Ron said:
... Bob and Jimmy are talkin bout the distinction while Fred's talkin
reification. [AND] Where Bob states simply that the discrepancy has value,
Fred seems to cast a rather dour atmosphere in regards to the rendering of one
from the many and
doesn't really seem to value the disecrepancy as much as reacting to the
monistic dominance of values of his day. I see Bob employing the descrepancy
in a useful manner while Fred's more of a deconstructionist.
dmb says:
It's pretty clear that they're all talking about the problem of reification.
Fred complains about the "original model" of Honesty or the Leaf. But in other
contexts we know that Fred, Will and Bob all take sides with the Sophists and
otherwise oppose the "vicious intellectualism" of Plato and Socrates. Plato
took the idea of the good from the Sophists and tried to encapsulate it in a
"fixed and eternal" Form, the Form of the Good. He also did this with Justice,
Truth, Beauty but not, apparently with things like leaves or hair. I guess they
are noble enough to deserve their own Forms, or something. Anyway, in this
particular context we can see that Will and Bob are talking about the
reification problem with subjects and objects, which are more consequential
examples of reified concepts. The sentence I originally posted from them
("There must always be a discrepancy between concepts and reality,..") is just
a condensed version of the sentences that come before it, Pirsig says.
Check it out...
As Pirsig describes it, James's radical empiricism says...
"...subjects and objects are not the starting points of experience. Subjects
and objects are secondary. They are concepts derived from something more
fundamental which he described as 'the immediate flux of life which furnishes
the material to our later reflection with its conceptual categories'. In this
basic flux of experience the distinctions of reflective thought, such as those
between consciousness and content, subject and object, mind and matter have not
yet emerged in the forms which we make them. Pure experience cannot be called
either physical or psychical. It logically proceeds this distinction. In his
last unfinished work, Some Problems in Philosophy, James had condensed this
description to a single sentence: 'There must always be a discrepancy between
concepts and reality, because the former are static and discontinuous, while
the latter is dynamic and flowing.' Here James had chosen exactly the same
words Phaedrus had used for the basic subdivision of the Metaph
ysics of Quality."
When concepts are reified, they are treated as MORE than concepts. They are
taken as MORE real than the empirical reality from which they were derived in
the first place. They are taken as the starting points of reality, as
ontologically primary. The MOQ re-asserts the primacy of the experiential
reality itself and says that concepts are always secondary, always derived from
that primary empirical reality, from the experiential flux. This pre-conceptual
experience is starting point of reality for all these guys.

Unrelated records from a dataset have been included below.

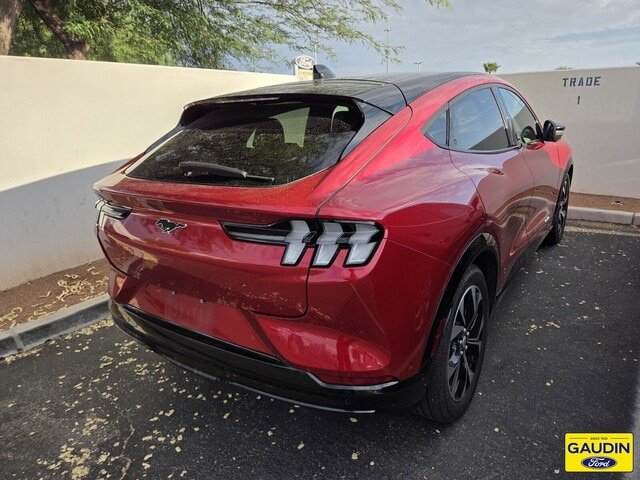 Certified 2023 Ford Mustang Mach-E Premium AWD/4WD image 2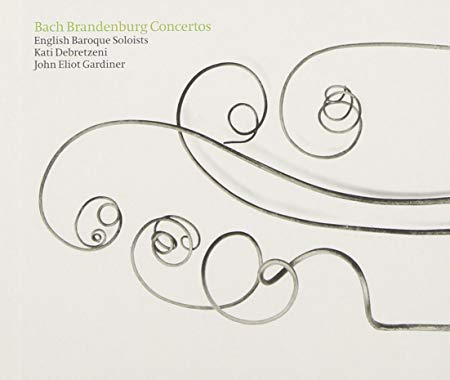 Johann Sebastian Bac - Brandenburg Concertos - CD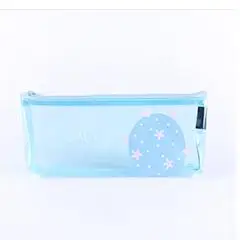 Карандаш кактус чехол прозрачный estuche escolar Kawaii чехол для карандашей trousse scolaire stylo пенал школьные принадлежности чехол для ручек - Цвет: K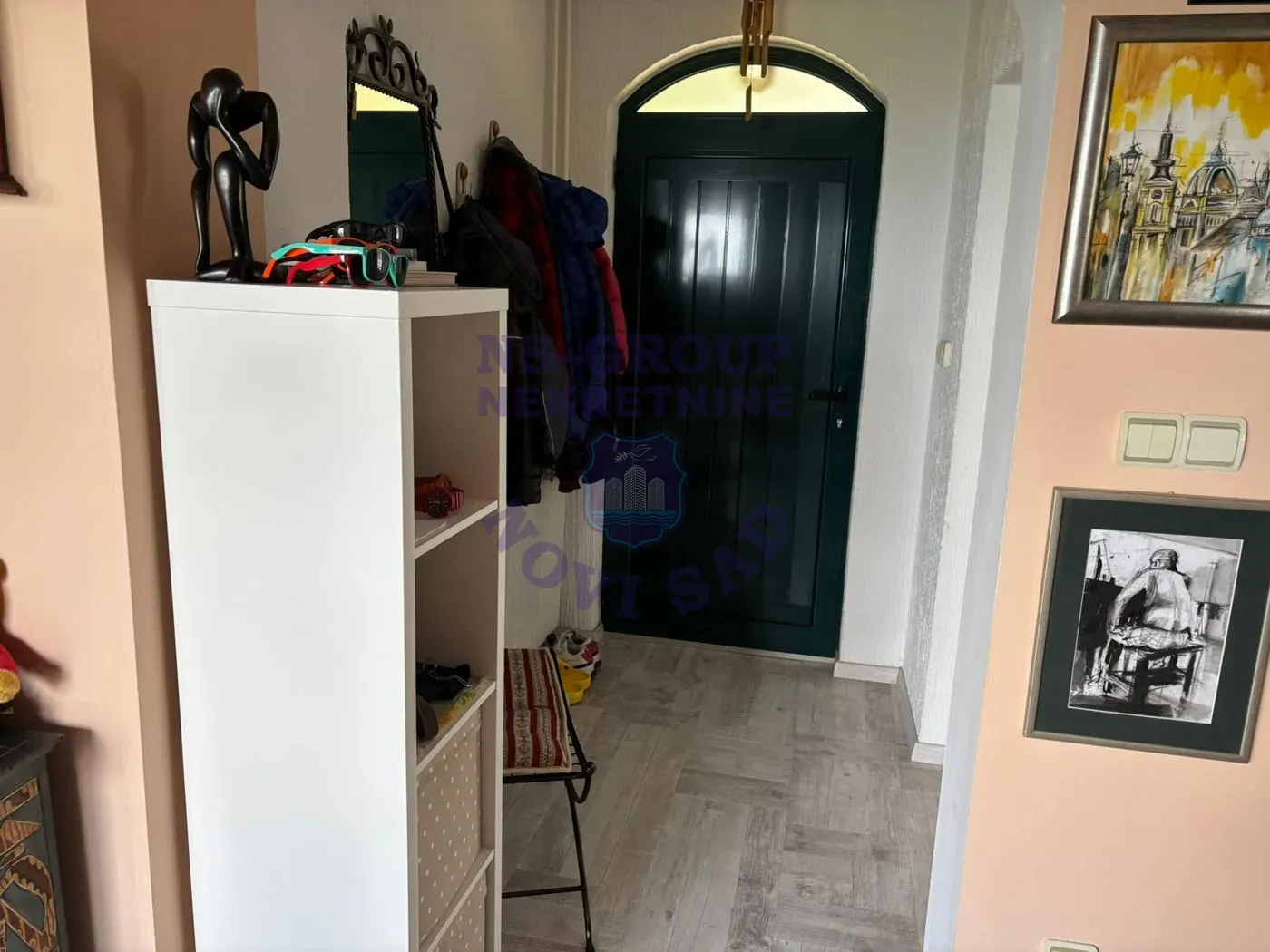 kuca na prodaju Sremska Kamenica 81m2 547736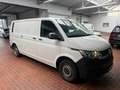 Volkswagen Transporter T6 EcoProfi lang AHK Werkstattwagen Navi 1.Hd Blanc - thumbnail 6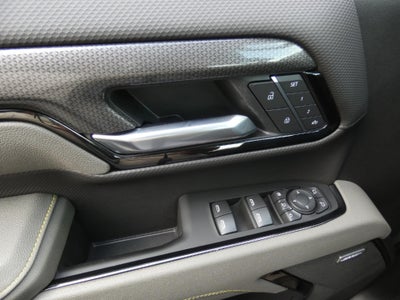 2025 Chevrolet Silverado 2500 HD ZR2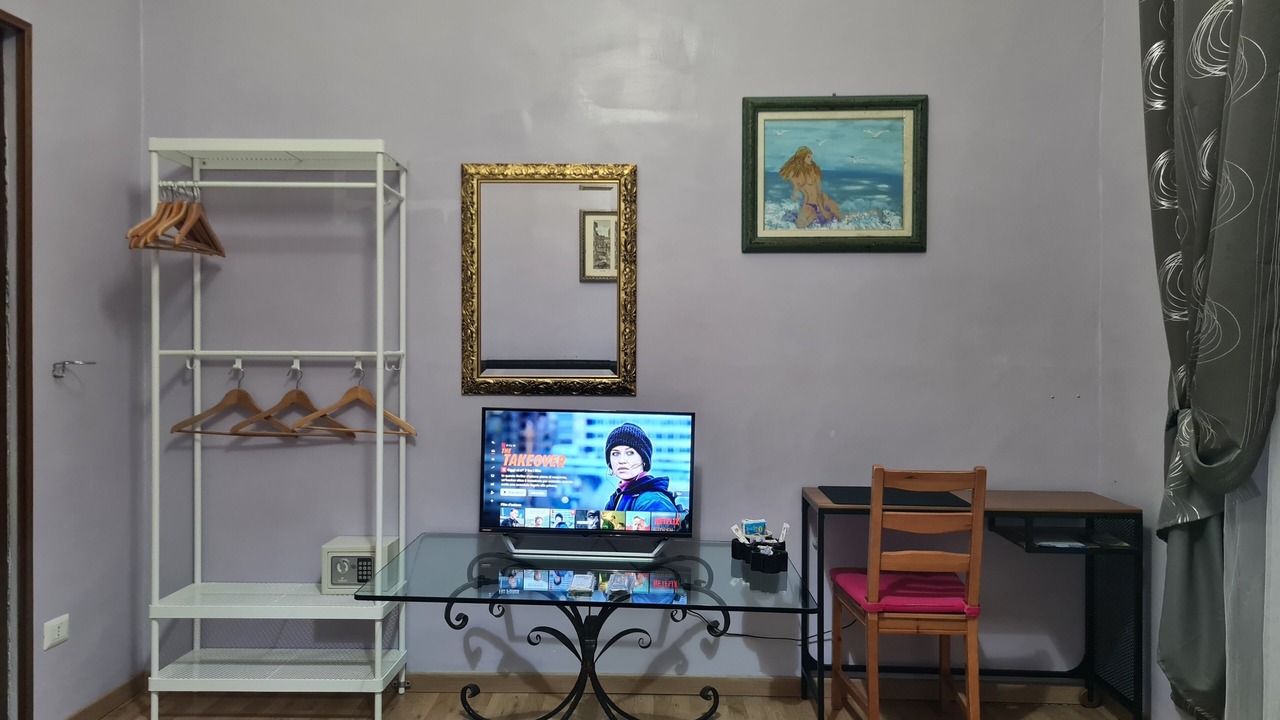 Photo of Bedroom in Rione XVIII Castro Pretorio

As Charlene Seigfried puts it, paraphrasing William James, "abstractionism had
become vicious already with Socrates and Plato, who deified conceptualization
and denigrated the ever-changing flow of experience, thus forgetting and
falsifying the origin of concepts as humanly constructed extracts from the
temporal flux." (William James's Radical Reconstruction of Philosophy, 379.)
In other words, the problem is taking ideas as something MORE than man-made
concepts and forgetting that they were extracted from the flux of human
experience in first place. The problem is NOT seeing that man is a participant
in the creation of all things, NOT seeing that our reality is an evolved
construction of our own making. Instead, says Plato and Kant and every
viciously intellectual philosopher, reality is beyond our dirty old temporal,
sensible life. We're all stuck in a cave and the real reality is beyond this
world of appearances, beyond our experience. The MOQ gives that notion a big
fat raspberry. It says experience IS reality. All that talk about forms and
substances and essences is a bunch of nonsense. The ever-changing flow of
experience is not a crypto-religious metaphysical abstraction, Pirsig says, it
is reality itself. And our ideas function well in relation to that (and in
relation to all other relevant ideas) or they aren't any good.